The Ara Maxima in the Forum Boarium honored Hercules for this killing. The Potitii and Pinarii, two ancient families, claimed hereditary priesthood of the altar stretching back to the deed itself.
The She-Wolf's Cave
On the southwestern slope, facing the Circus Maximus, lay the Lupercal. Here the she-wolf found Romulus and Remus, abandoned on the bank of the flooded Tiber, and nursed them. Dionysius of Halicarnassus describes the grotto adorned with a bronze group of the wolf and twins.

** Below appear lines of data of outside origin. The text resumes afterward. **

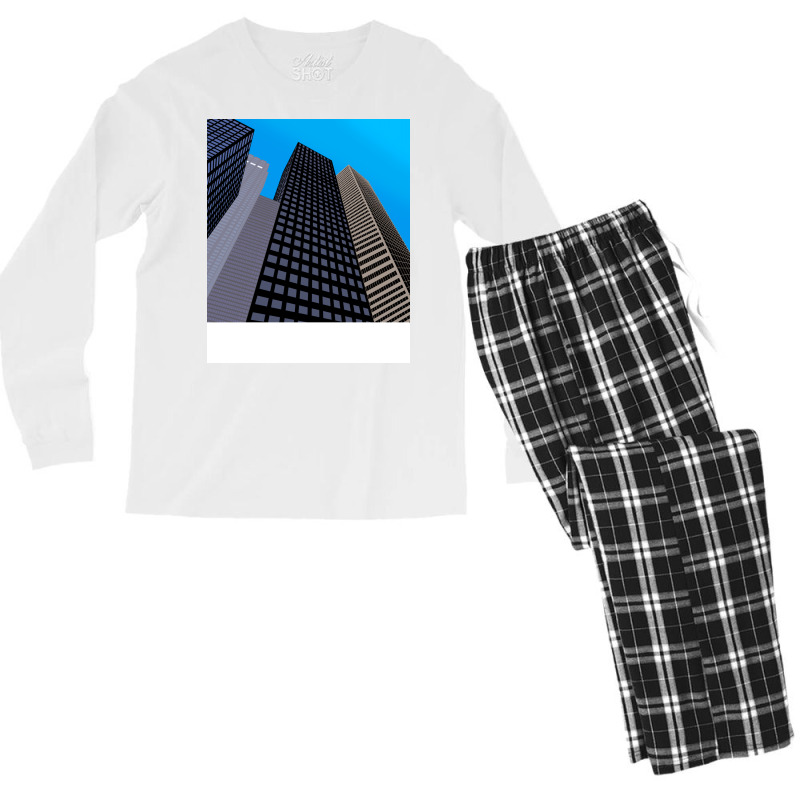 City Buildings And Blue Sky Summer Men's Long Sleeve Pajama Set | Artistshot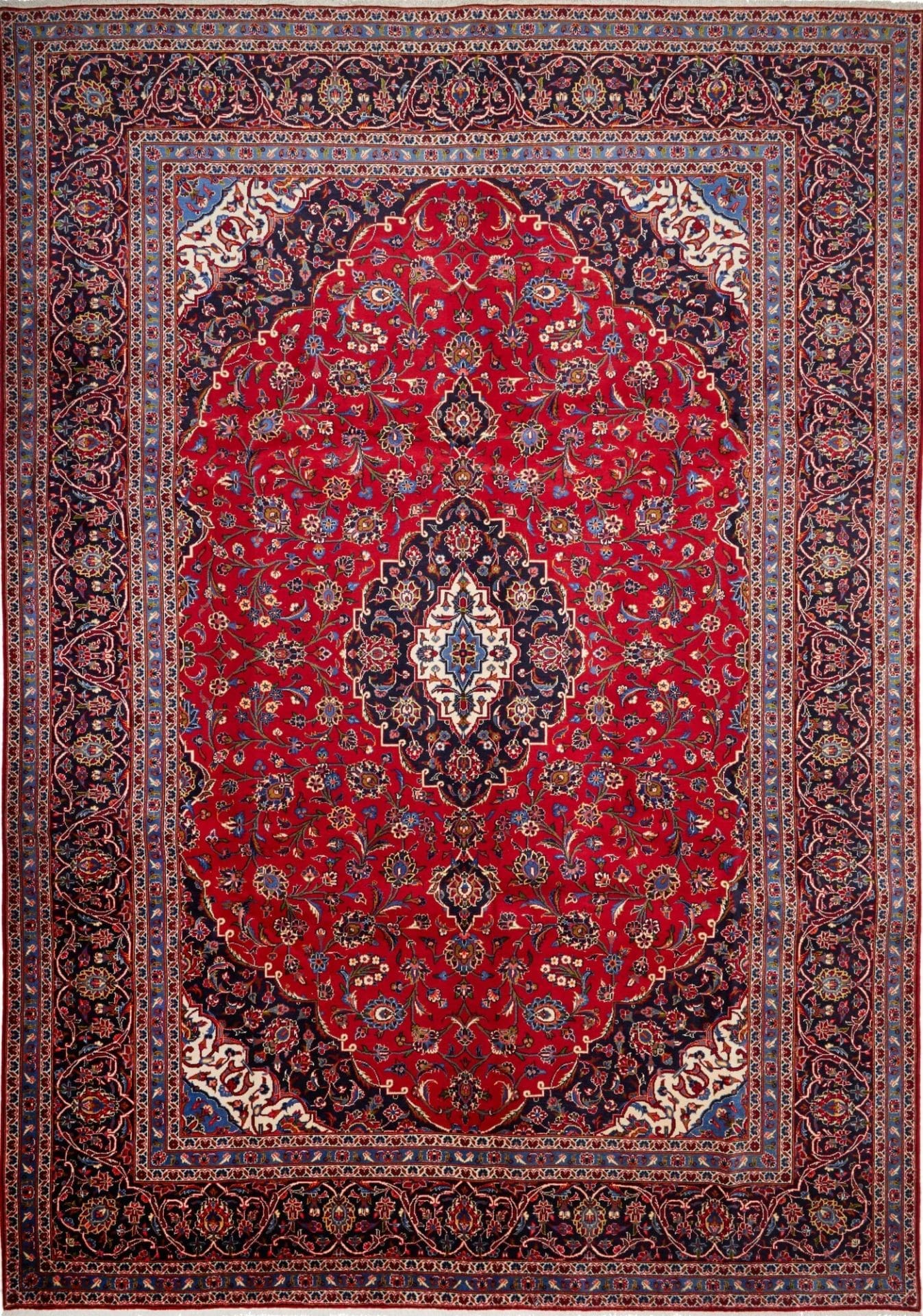Kashan Teppich 306 x 448 cm, florale Muster, handgeknüpft, Perserteppich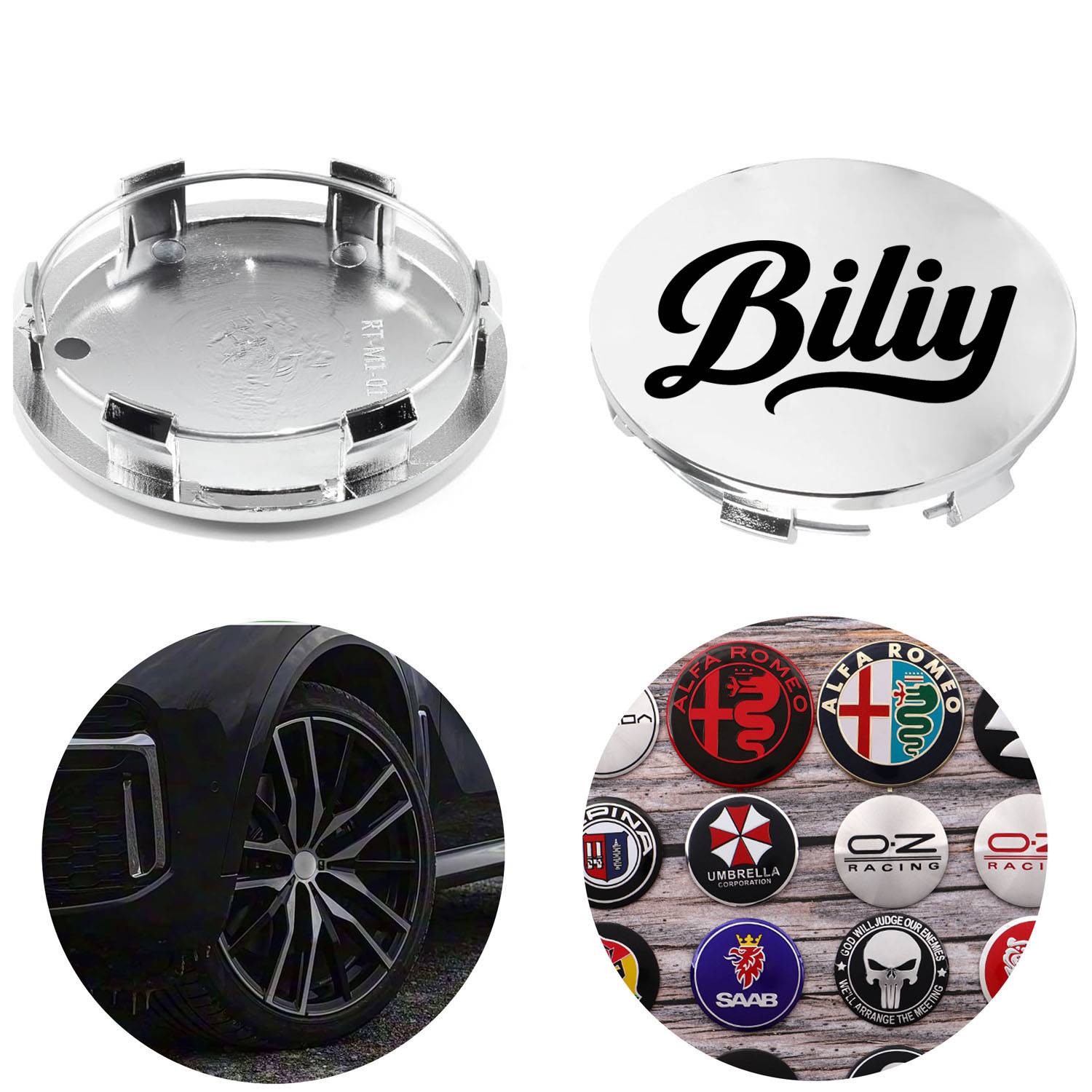 4-Piece Custom Stainless Steel Wheel Hub Caps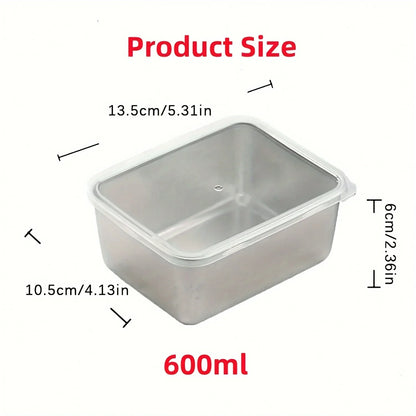 6-Piece Stainless Steel Food Storage Containers Set - Leakproof Stackable Reusable Lunch Boxes for Camping, Picnic & School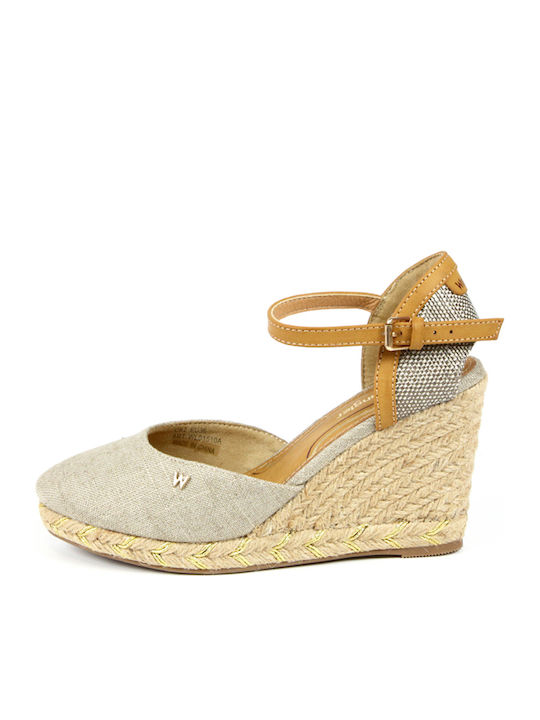 Brava Women's Fabric Platform Espadrilles Beige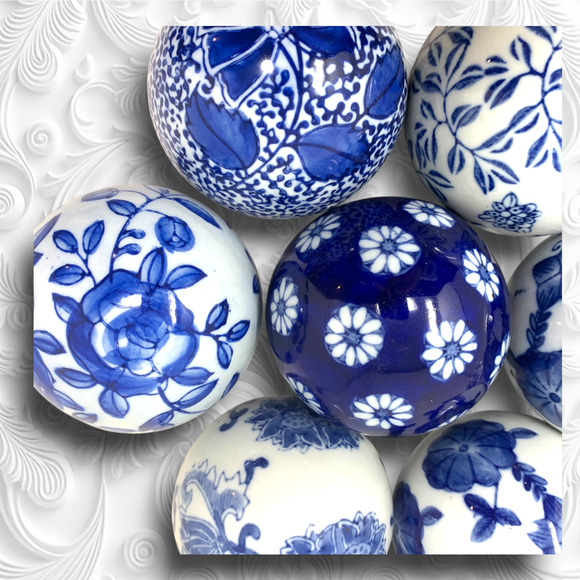 Vintage Y2K Lot 12 x Pier 1 Blue White Chinoiserie Ceramic Carpet Balls Orbs - Picture 3 of 6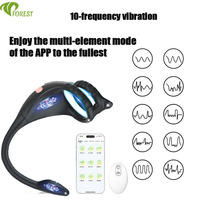 Anillo Vibrador de Silicona para Masajes, Juguete Sexual Masculino, Control Remoto Inalámbrico por APP, Estimulador de Doble Anillo y Doble Vibración, Personalizable, Compra al por Mayor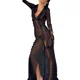 thumbnail image 3 of Vestido de lencería transparente de manga larga con volantes para mujer, vestido Sexy bohemio con abertura alta, cuello en V, Playa y fiesta, 3 of 5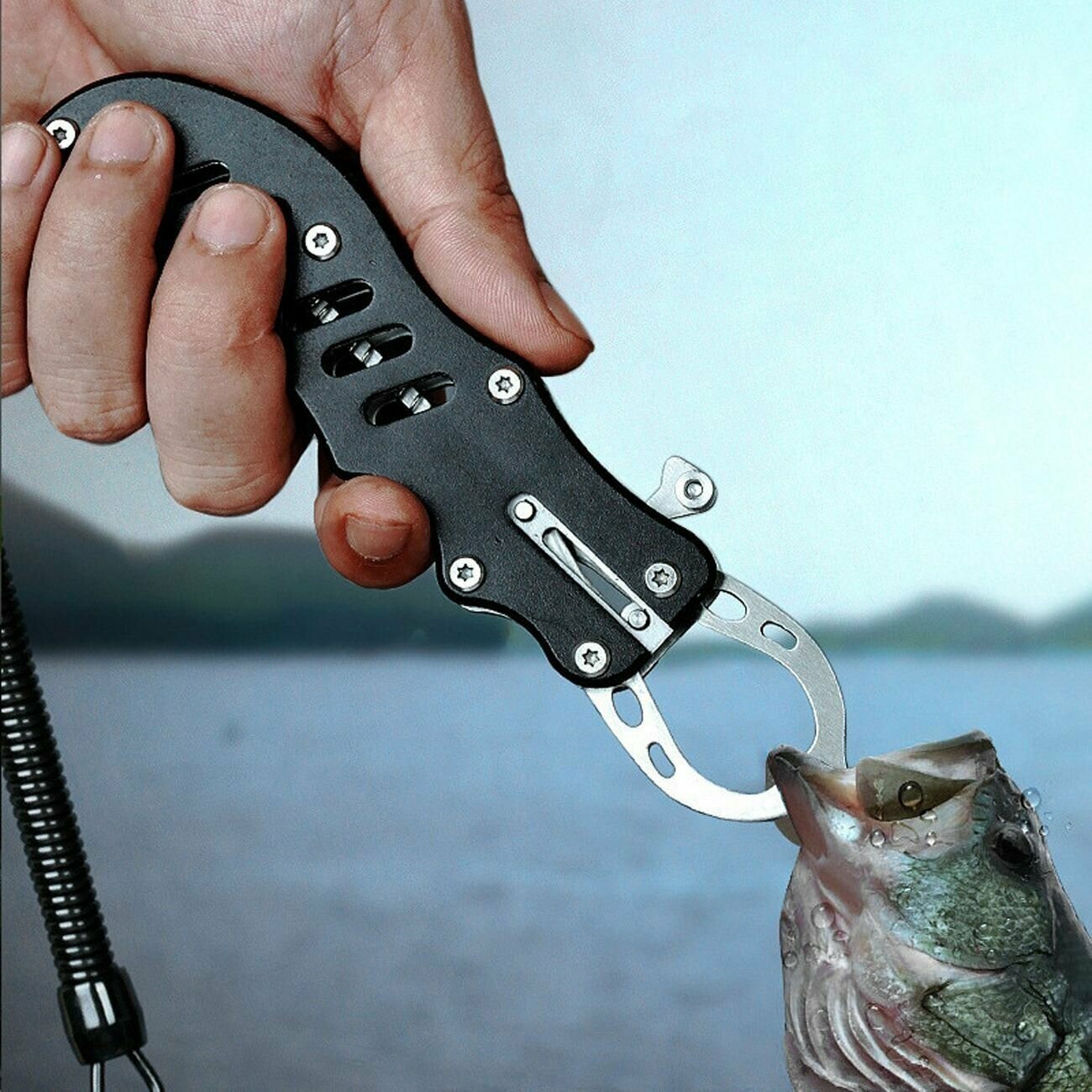 Липгрип захват для рыбы алюминиевый LipGrip черный 17см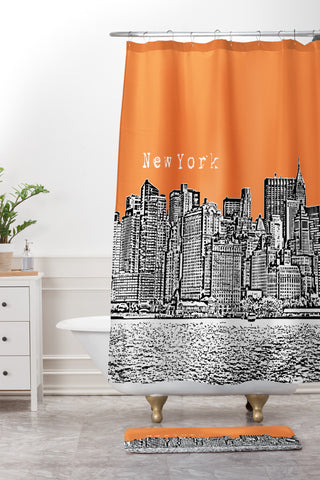 Bird Ave New York Orange Shower Curtain And Mat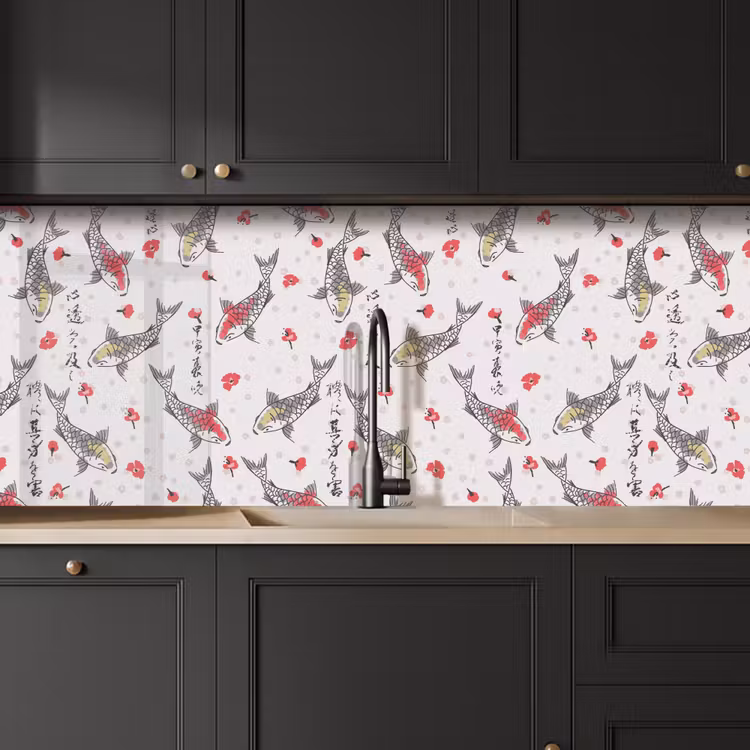 Schienale cucina - Pesci - Koi - Fiori - Modelli — 6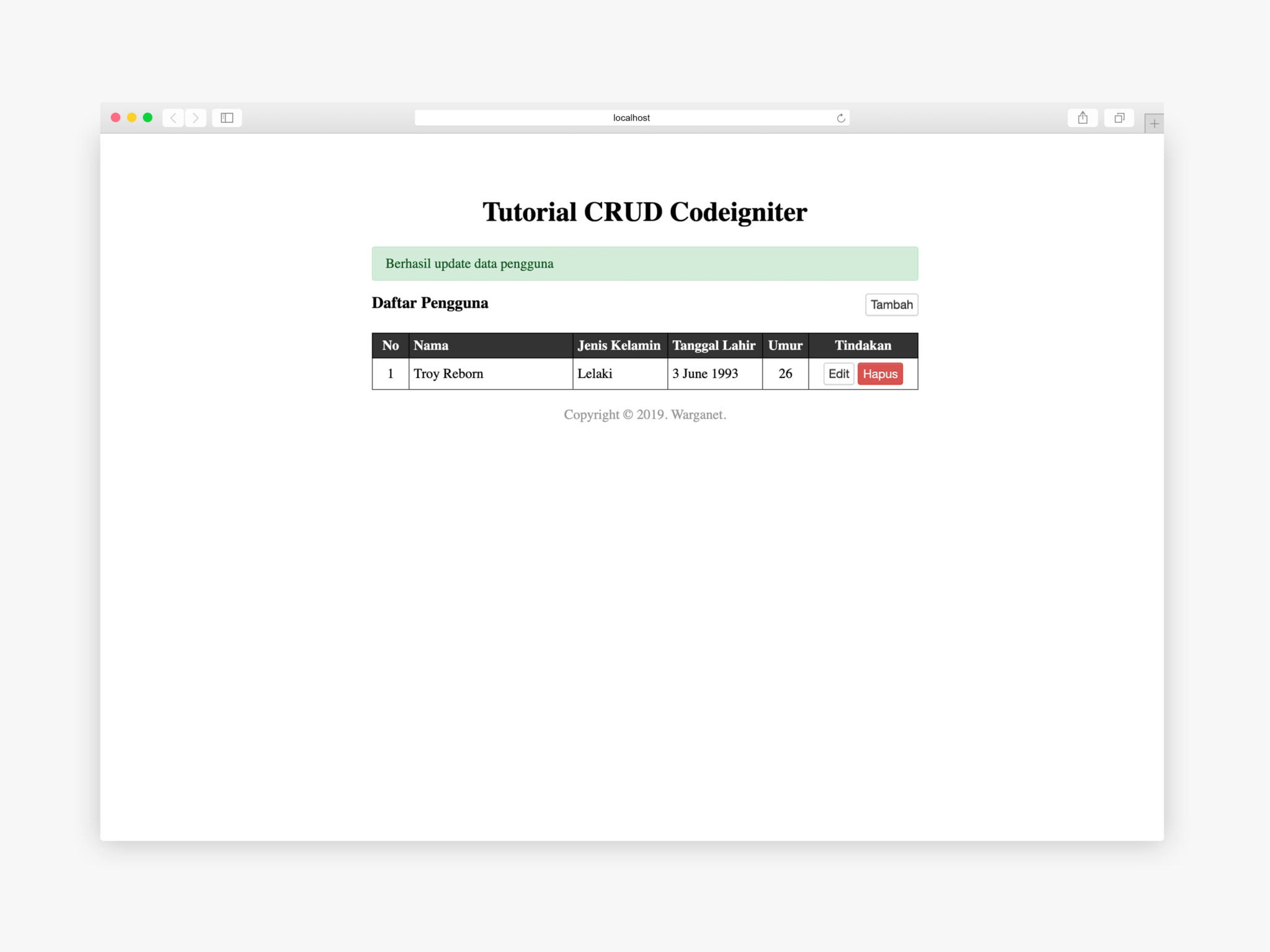 Membuat Halaman Edit Codeigniter | Bahasaweb.com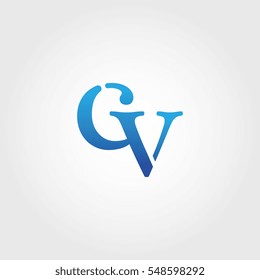 Lowercase cv Logotype. Blue Letter Logo. Letter Abbreviations. Vector Template Element.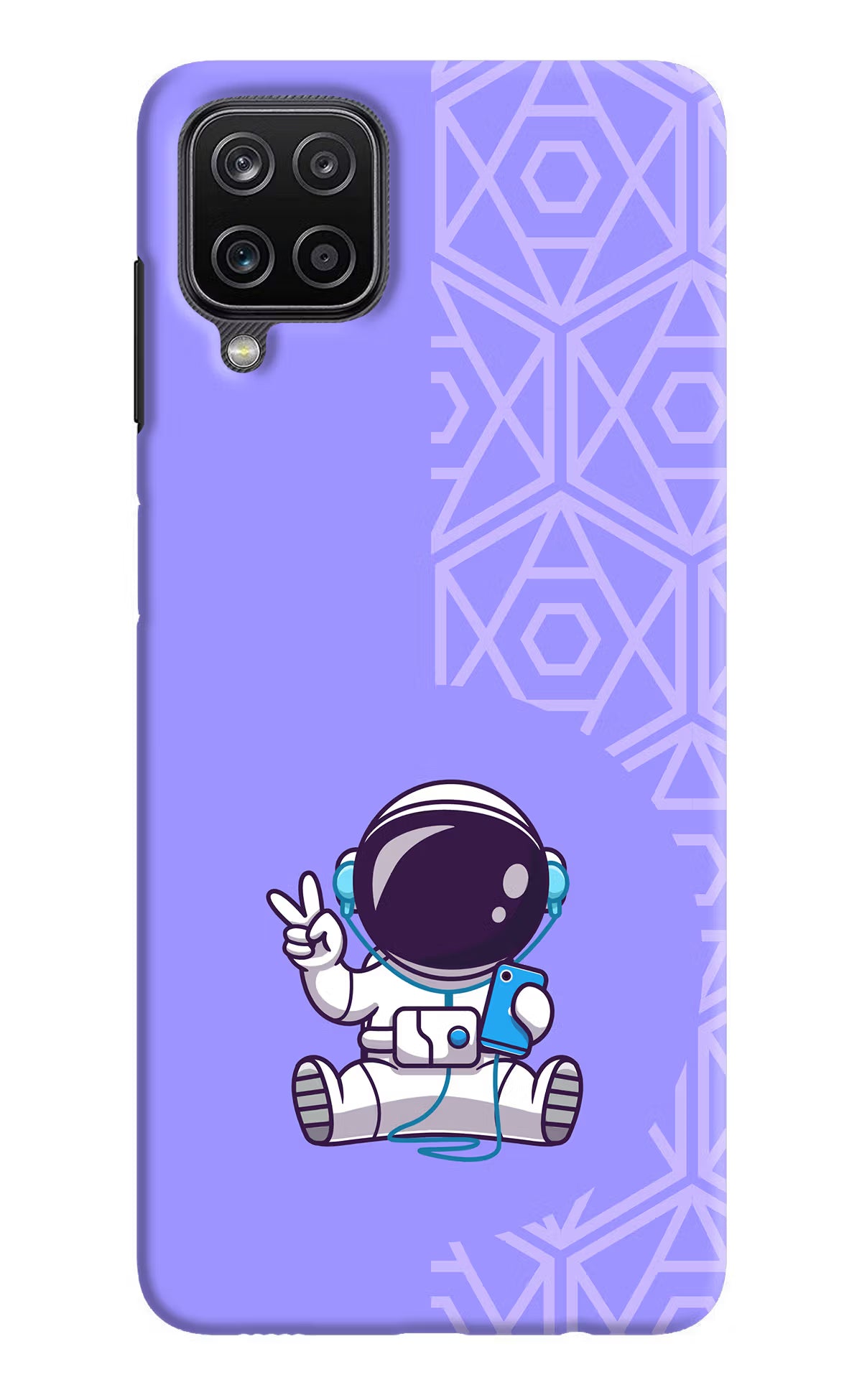 Cute Astronaut Chilling Samsung M12/F12 Hard Case Back Cover by Casekaro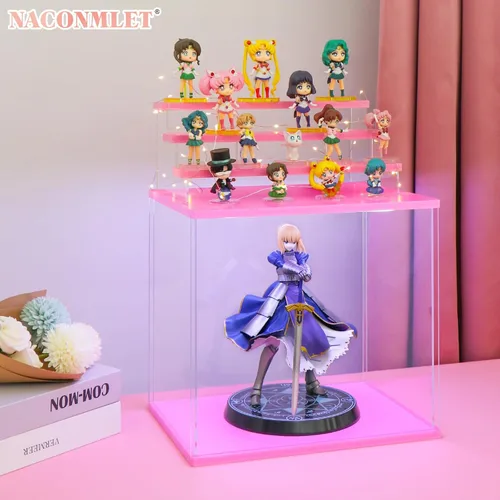 Vista 6 de Vitrina de acrílico transparente para figura de acción Pop Mart, vitrina Funko Pop a prueba de polvo con iluminación, múltiples capas para Rosa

Each February 15, the Lupercalia began at this cave. The Luperci, young men stripped nearly naked and smeared with goat blood, ran a circuit around the Palatine striking bystanders with goatskin thongs. Women held out their hands to the blows. The touch, they believed, would make them fertile.
The Furrow of Romulus
When Romulus and Remus grew to manhood and overthrew their great-uncle Amulius, they decided to build a city near the spot where they had been saved. Romulus chose the Palatine. Remus chose the Aventine. They agreed to let augury decide.
Each took his position and watched the sky. Remus saw six vultures first. Then Romulus saw twelve. Both claimed victory: Remus by priority, Romulus by number. Ennius preserved the scene in his Annales: Romulus watching the sky with fierce devotion. The quarrel turned violent and Remus was killed. Dionysius records that Romulus's follower Celer struck the blow; Livy places the killing later, at the wall itself.
Romulus traced the pomerium, the sacred boundary of his new city, around the Palatine with a bronze plow drawn by a white bull and cow. Where gates would stand, he lifted the plow to leave gaps in the furrow. The boundary was sacrosanct. Crossing it under arms meant death. April 21 became Rome's birthday.
The Hut of Romulus
Romans preserved the Casa Romuli, the Hut of Romulus, on the Palatine's slope for centuries. Dionysius reports that it was built of sticks and thatched with straw. When it burned, as thatched huts do, they rebuilt it to its original form. Vitruvius cited it as evidence of how the first Romans built. The emperors' marble palaces rose around it, and still the hut stood.